Hi @kshrikant7, thanks for reaching out! The supported syntax in the DABs templates is the same as that for Go text templates: https://pkg.go.dev/text/template

In these templates, you refer to variable values by having a . prefix. For any fields that you define in your databricks_template_schema.json file, the reference would look something like: {{ .project_name }}. In the example you shared, {{ .project_name }} is the only key in the databricks_template_schema.json file so only that can be interpolated.

You can refer to templates here as a reference for how the syntax works: https://github.com/databricks/cli/tree/main/libs/template/templates

Could you please share why you are trying to interpolate {{ tasks.A_task_key.values.B_task_key }}? I'm not sure the databricks bundle init` command is the right one for your usecase.

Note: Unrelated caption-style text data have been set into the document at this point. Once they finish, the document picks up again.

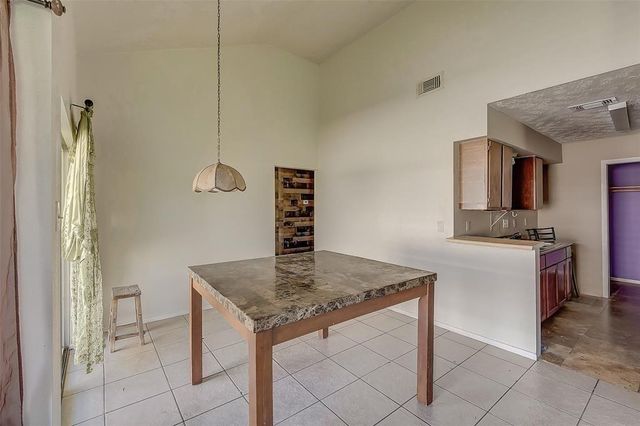 3627 Wirksworth Drive, Houston, TX 77066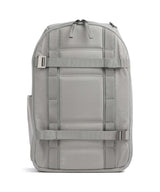 Db Ramverk 21L Mochila sand grey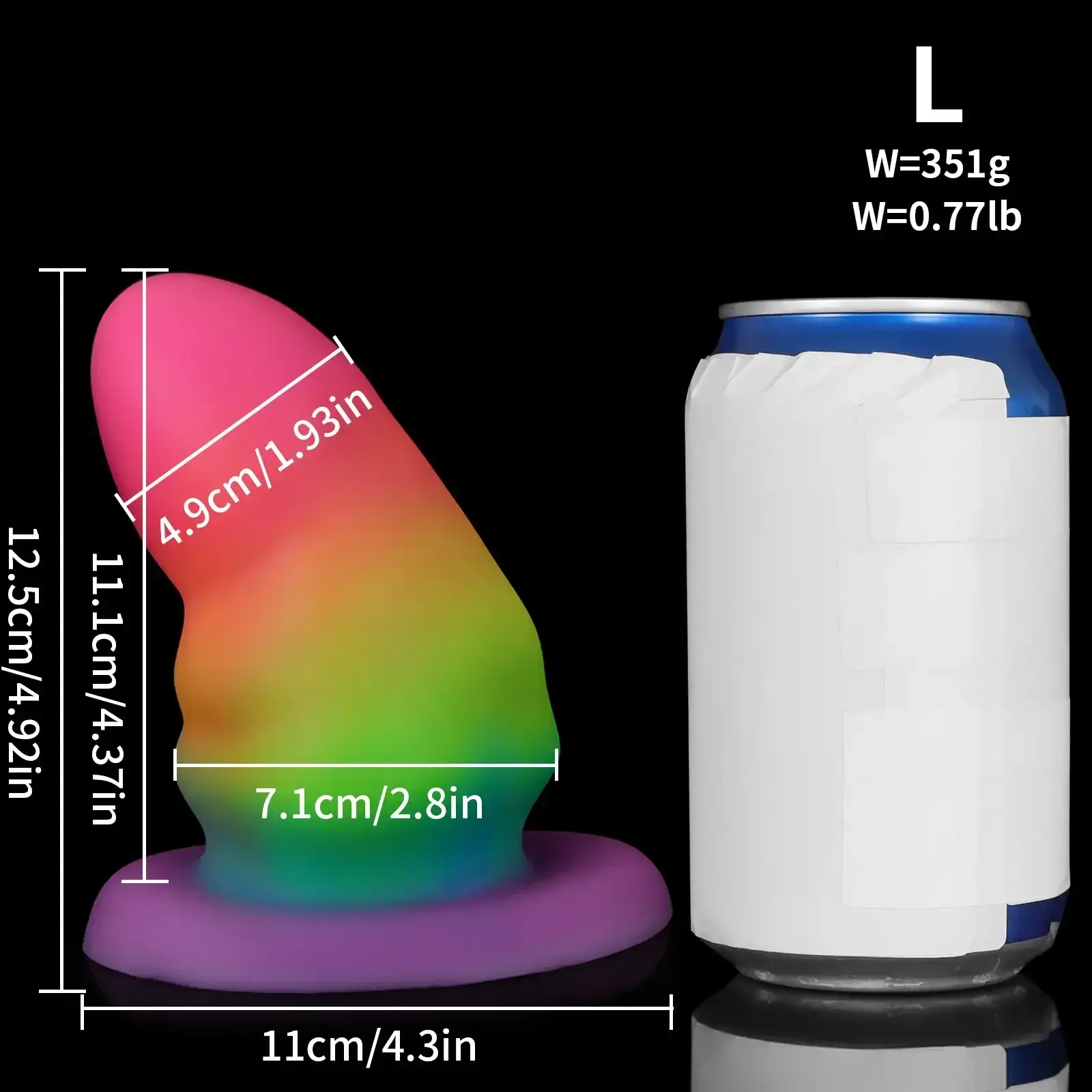 analplug fur fortgeschrittene dehnung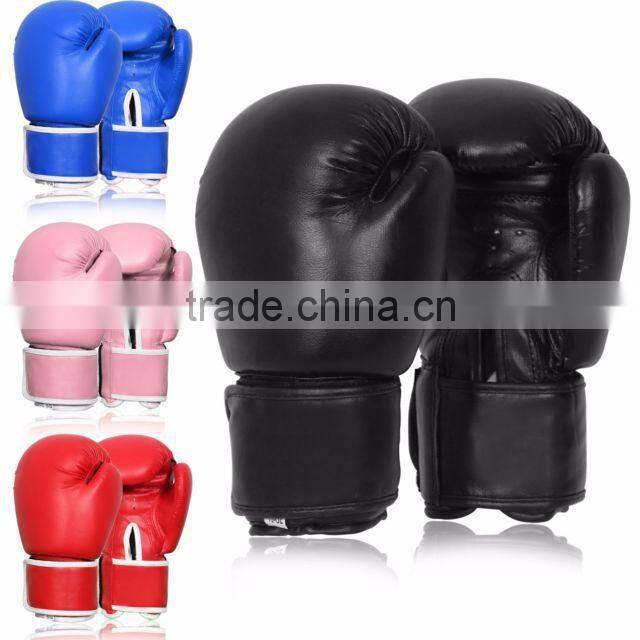 MMA Boxing Gloves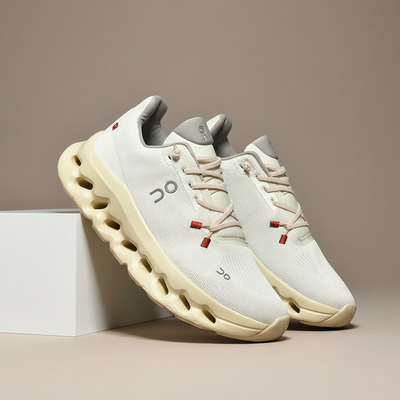 ON Cloudtilt Sneakers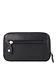 Samsonite black
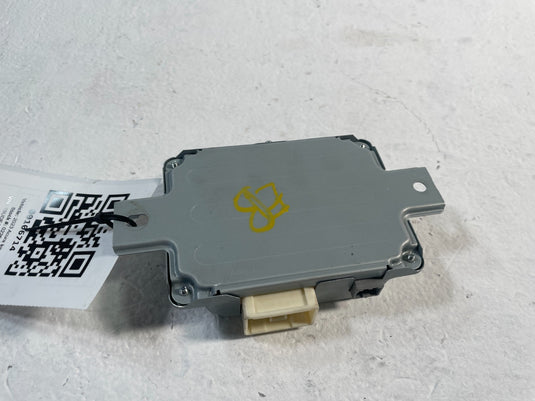 23-25 ACURA INTEGRA POWER SUPPLY VOLTAGE STABILIZER CONTROL MODULE 1.5L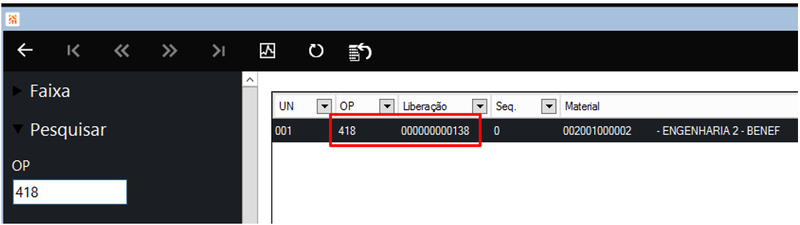 Arquivo:OGOPLiberada.png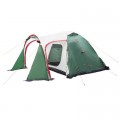 Палатка Canadian Camper RINO 4 woodland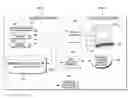 Fig. 01 - CONTEXTUAL GESTURE-BASED IMAGE SEARCHING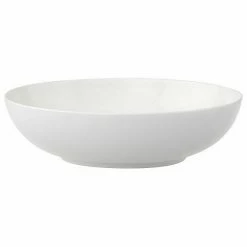 Villeroy & Boch Servierschüssel 26 Cm Oval New Cottage Basic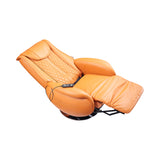 A-938 Swivel electric massage chair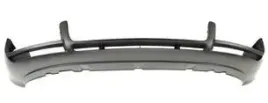 audi-a4-b6-00-04-spojler-spoiler-zderzaka-przod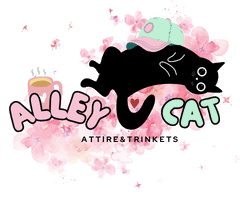 itsAlexxGaming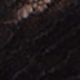 ColorPicker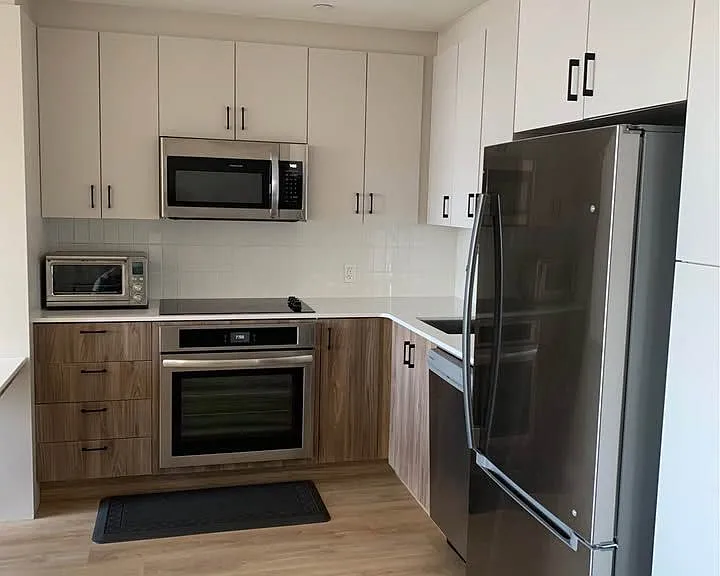 275 Carling Ave #703 — Photo 3
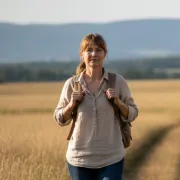 lingua centrum doučování 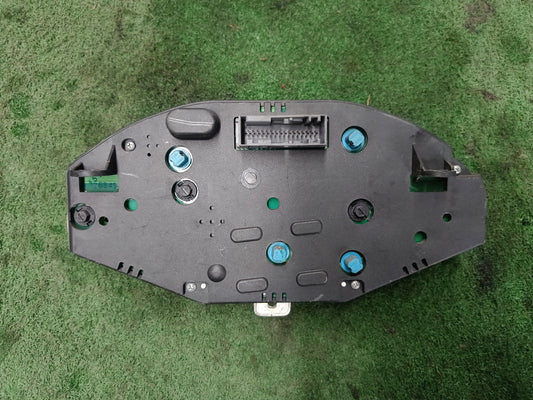 PERODUA KANCIL METER AT (83200-87Z83)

shreyas-goenka avatar Nov 25 '24 21:11 shreyas-goenka

@shreyas-goenka

I have defined variables other then project_name in databricks_template_schema.json something like below

{
  "properties": {
    "bundle_name": {
      "type": "string",
      "default": "ABC",
      "description": "Bundle name",
      "order": 1
    },
    "project_name": {
      "type": "string",
      "default": "XYZ",
      "description": "Project name",
      "order": 2
    },
     "company_code": {
      "type": "string",
      "default": "ABC",
      "description": "Company Name Code",
      "order": 10
    },
    "workflow_dev_env": {
      "type": "string",
      "default": "DEV",
      "description": "Workflow environment DEV/PRD",
      "order": 10
    }
}

And I am passing the values to databricks.yml like below

variables:
     company_code:
        default: {{.company_code}}

    workflow_dev_env:
      default: {{.workflow_dev_env}}

And these values are accessed in actual workflows as we access variables

${var.variable_name}

I am able to access all the other variables in the above mentioned methods, but the issue raises only when the value contains "{{tasks.A_task_key.values.B_task_key}}" or "{{job.parameters.ABC_parameter}}"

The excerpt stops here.